あらかじめ敵が海底に設置しておいた、付近の沈底機雷3つがパルスに反応し同時に起爆した。

すぐ近くを航行していた敵訓練艦が巻き込まれる。


「敵艦の損傷音及び漏水音確認! かなりのダメージを受けた模様!」

「ははッ! 艦体破壊には及ばなかったか。しかしもはや何も出来まい!」

グラハムが嬉しそうに叫ぶ。

「念のため機雷源を完全に抜けるまで静音航行と戦闘態勢を維持」

セイゴは肩の力を抜きつつも最後まで緊張を緩めないよう指示を出す。

そして発令所の隅のアベルとパイの席へと歩みよる。


「やはりおかしい。訓練艦のキャパと総容量が合わない」

アベルが焦りを顕わに呟く。

訓練艦の輸送能力で海域に設置が確認されている全ての機雷を運ぶことは不可能だと判明したのだ。

「二回往復はさすがに無いでしょう。…フローティングブイの類で曳航して来たとは考えられませんかね?」

パイも知識を総動員して矛盾の解決案を探る。

「君たちの立てた作戦は今のところ順調だが…何か問題でも?」

セイゴの質問にパイが状況を説明する。

「…なるほど。

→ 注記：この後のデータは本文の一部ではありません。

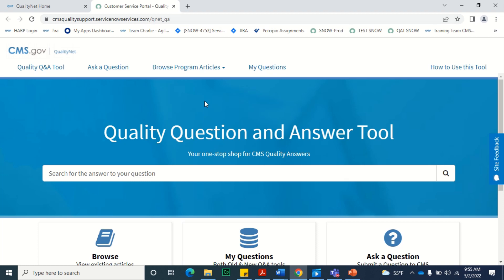The QualityNet Quality Q&A Tool provides self-help information in the form of knowledge articles for CMS ambulatory surgical centers, ESRD facilities, inpatient hospitals, and outpatient hospitals.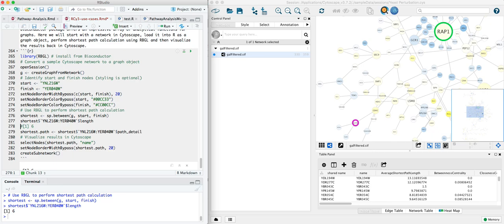We can print out the length of that path if we want. It's now the shortest object. So there's six steps to get from RAP1 to this GLN3.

個人的な意見だが機雷の曳航は考えにくい。事故の元だからな」

「ですかね。…セイゴ副長、今までの戦闘で何か違和感はありませんでしたか?」

アベルは歴戦の兵であるセイゴの経験則、直感にヒントを求めた。

「違和感か。…気になる点と言えば魚雷発射型機雷SS-09の攻撃範囲か。SC魚雷の高速走行射程は1万5000ほどだが今回はその半分程度なのでね」

「確かに、実際の範囲は8000ですから…攻撃の成功率を上げるためでしょうか?」

パイの所感はもっともである。

実際に距離9000で放たれた魚雷をシースワロー2はかろうじてではあるが回避に成功している。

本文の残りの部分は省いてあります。